For small projects with few people and few subsystems the naming convention thing is mostly an ongoing annoyance - it's pretty easy to go change things or just make exceptions or simply leave the resulting chaos in place.
All large projects (at least the recent ones) start with fabulous intentions. The names are constructed to be immediately recognizable by all involved. Simple regular expressions can parse everything. Then the left-handed reverse frambus on the third beam-line spur appears, or some (necessary) secondary support PVs are needed for something, which overloads the original naming convention at some level, or something else unforseen (and unforseeable) happens.
[This reminds me of the management request: "I need a list of specific unknown problems we will encounter!"]
Aliasing can provide some user-level protection from the underlying names. Many subsystems or middleware implementations provide this. When developers need to step into the quagmire to find some interesting problem, they nontheless still need to understand the whole mess.
Sometimes an institute has a hero(ine) who will keep raking through the pile and removing the rotten bits. A benevolent dictator approach works for a while, until the deadline pressures outweigh even his barking.
So a GOOD naming convention starts like Newt Gingrich's congress, with great intentions and high ideals. Some of that survives the rough and tumble of getting a machine going. Ultimately the structure needs fixing or all simply hang their heads and stumble forward.
With a system like IRMIS, which, when it is set up correctly, shows all PVs on all IOCs, as well as all config files and displays in which they are used, one has a chance of keeping track of things. Exceptions to the general GOOD naming convention can be kept up-to-date (by hand, mostly) in an ancillary spreadsheet. One even may have enough information to know everything that needs renaming to fix the exceptions.

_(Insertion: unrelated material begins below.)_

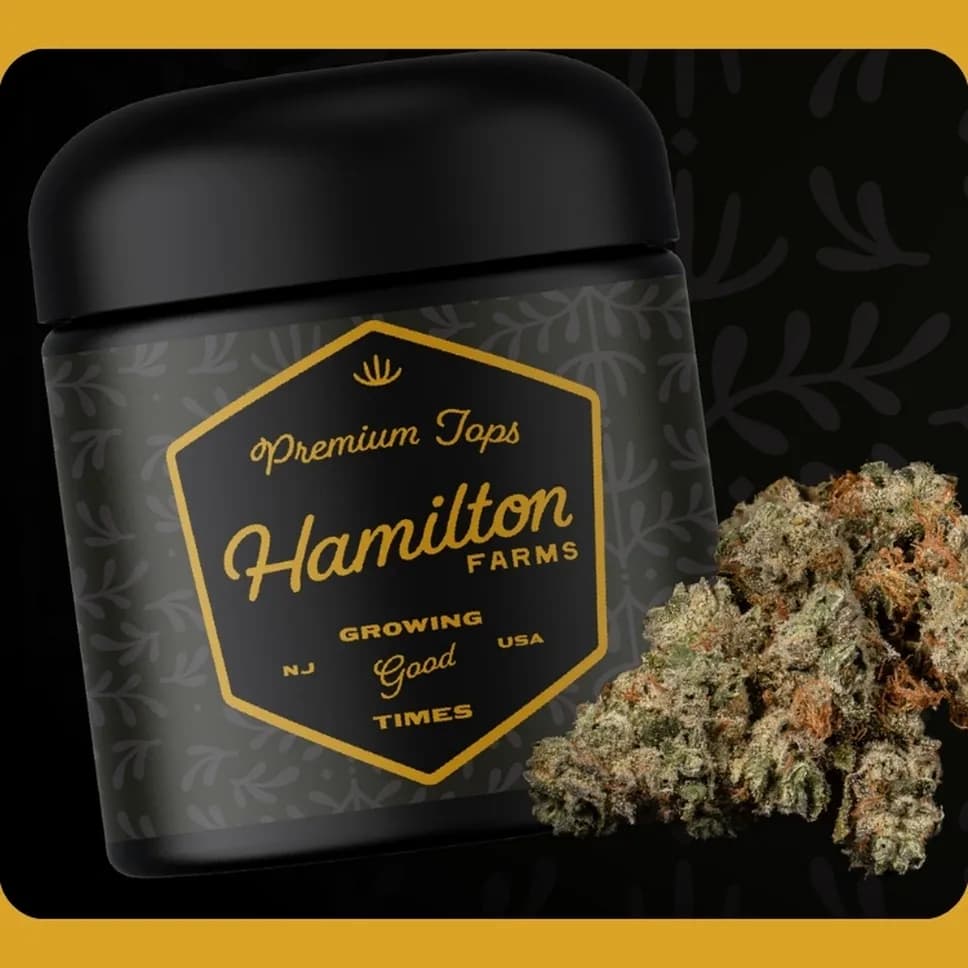 Hamilton Farms Apple Jelly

Sorry for the mix of metaphors. I really don't see how to do this perfectly, but we will keep learning from each other.
Ron Chestnut
-----Original Message-----
From: Emmanuel Mayssat [mailto:[email protected]]
Sent: Friday, November 17, 2006 10:31 AM
To: Gurd, Pamela A.
Cc: Andrew Johnson; tech talk
Subject: GOOD Naming conventions for devices and Epics records
I think what is important in this thread is not what naming convention is being used at site X, but rather what makes a GOOD naming convention.

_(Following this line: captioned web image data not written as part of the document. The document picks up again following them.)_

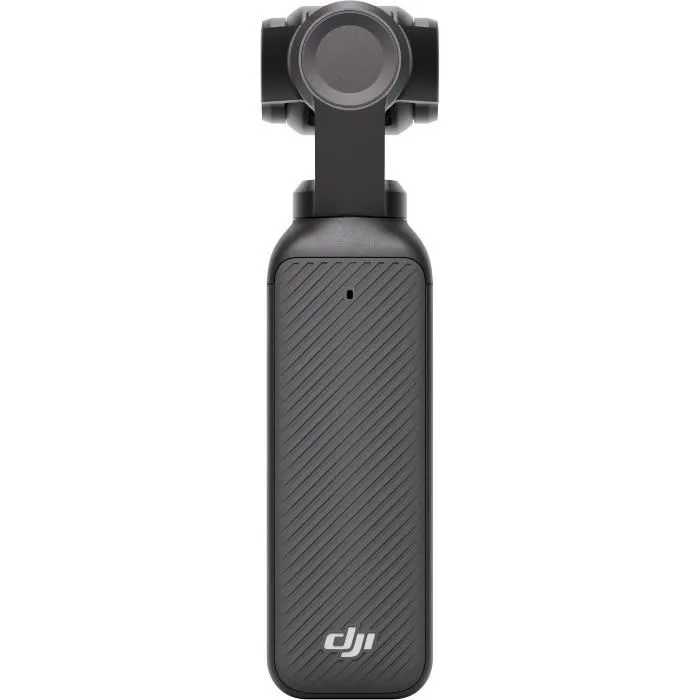 Dji Osmo Pocket 3 Cámara Deportiva Negra 3 Dji Osmo Pocket 3 Cámara Deportiva Negra 3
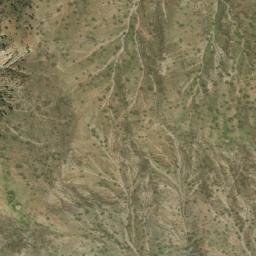 Satellite imagery of Kerbiya, ER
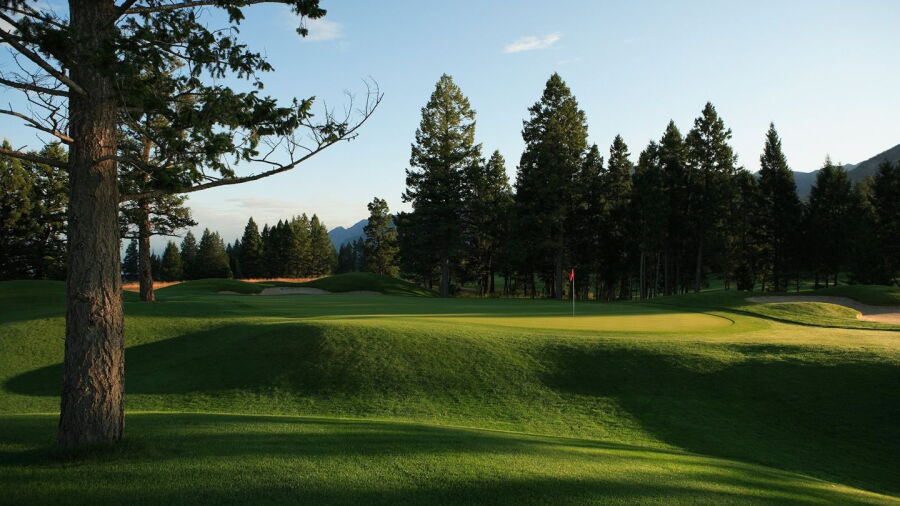 Eagle Ranch GC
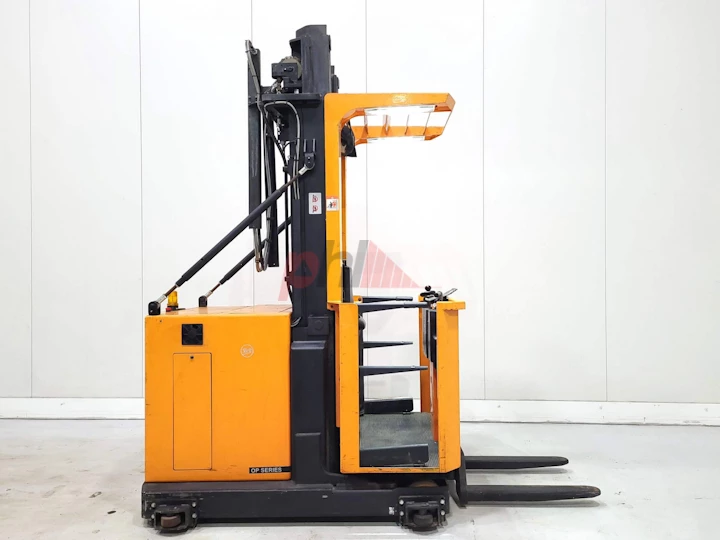 BT ORDER PICKER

Here is what I learned from naming conventions with epics.
1/ I like to know which hardware part is providing the signal.
This provides a tremendous help for low level debugging.
(ex. Signals is from pin 2 on ADC 3 on computer X [located at Y])
2/ End user cares about the meaning of the signal.
(ex. Temperature of gun, setting of 3rd magnet in transport line)
3/ PV names are often found hardcoded in programs
4/ Low level and high level programming is managed by 2 different groups.
Solution:
Use several (two) naming conventions!
One for each level and use ALIASING!!!!!
Q: What happens if you change hardware?
You change the low level PV names and the inputs of aliases.
No need to change programs, striptools configuration files, etc.
Enjoy!
--
Emmanuel Mayssat
Lyncean Technologies, Inc
On Fri, 2006-11-17 at 12:33 -0500, Gurd, Pamela A. wrote:
> It's true that we have had problems with the sequencer going over 28
> characters, but I think they're less of a problem than it would be to
> try to stay within 28 characters.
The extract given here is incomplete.